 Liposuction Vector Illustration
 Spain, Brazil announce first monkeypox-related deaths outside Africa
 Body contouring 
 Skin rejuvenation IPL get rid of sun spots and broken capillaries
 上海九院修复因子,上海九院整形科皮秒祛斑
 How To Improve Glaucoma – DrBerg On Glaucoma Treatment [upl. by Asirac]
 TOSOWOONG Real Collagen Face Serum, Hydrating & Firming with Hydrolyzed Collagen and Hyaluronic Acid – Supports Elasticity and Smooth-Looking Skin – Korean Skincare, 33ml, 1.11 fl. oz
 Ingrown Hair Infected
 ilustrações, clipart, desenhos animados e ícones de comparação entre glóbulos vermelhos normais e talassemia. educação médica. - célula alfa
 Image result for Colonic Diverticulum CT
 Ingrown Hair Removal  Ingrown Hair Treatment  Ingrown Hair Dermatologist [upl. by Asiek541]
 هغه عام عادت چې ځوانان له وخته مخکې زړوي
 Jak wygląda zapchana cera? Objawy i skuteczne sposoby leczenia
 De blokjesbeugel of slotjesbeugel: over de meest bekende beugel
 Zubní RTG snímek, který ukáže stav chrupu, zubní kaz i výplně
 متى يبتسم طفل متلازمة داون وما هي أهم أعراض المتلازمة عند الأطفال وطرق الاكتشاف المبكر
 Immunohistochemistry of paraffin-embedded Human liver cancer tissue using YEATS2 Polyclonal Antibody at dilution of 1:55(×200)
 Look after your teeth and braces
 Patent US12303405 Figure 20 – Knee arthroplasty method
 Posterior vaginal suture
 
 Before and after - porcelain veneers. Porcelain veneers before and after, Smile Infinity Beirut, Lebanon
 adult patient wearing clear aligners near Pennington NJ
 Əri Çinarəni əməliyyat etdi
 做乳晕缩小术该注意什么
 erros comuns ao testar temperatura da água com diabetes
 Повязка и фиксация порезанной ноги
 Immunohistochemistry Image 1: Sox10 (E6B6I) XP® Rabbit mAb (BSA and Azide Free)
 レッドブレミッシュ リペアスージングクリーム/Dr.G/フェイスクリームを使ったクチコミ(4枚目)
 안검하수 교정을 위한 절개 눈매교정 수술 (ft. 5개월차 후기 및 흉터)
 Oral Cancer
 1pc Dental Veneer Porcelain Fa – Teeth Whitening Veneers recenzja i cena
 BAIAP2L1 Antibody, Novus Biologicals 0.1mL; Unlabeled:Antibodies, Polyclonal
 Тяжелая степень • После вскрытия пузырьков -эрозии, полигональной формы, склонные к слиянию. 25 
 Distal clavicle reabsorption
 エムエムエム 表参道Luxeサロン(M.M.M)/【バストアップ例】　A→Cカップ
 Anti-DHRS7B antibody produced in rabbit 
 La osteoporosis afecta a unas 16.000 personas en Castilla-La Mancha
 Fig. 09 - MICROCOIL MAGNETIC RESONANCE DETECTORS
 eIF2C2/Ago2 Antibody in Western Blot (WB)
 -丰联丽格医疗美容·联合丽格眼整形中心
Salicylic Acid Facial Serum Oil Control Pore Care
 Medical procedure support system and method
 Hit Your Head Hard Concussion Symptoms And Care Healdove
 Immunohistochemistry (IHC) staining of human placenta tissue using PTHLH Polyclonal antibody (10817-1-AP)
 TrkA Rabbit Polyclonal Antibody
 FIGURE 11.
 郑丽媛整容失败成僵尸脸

• • • • • • •

Among the lines above, find those with the word "after" and list them.

 Look after your teeth and braces
 Before and after - porcelain veneers. Porcelain veneers before and after, Smile Infinity Beirut, Lebanon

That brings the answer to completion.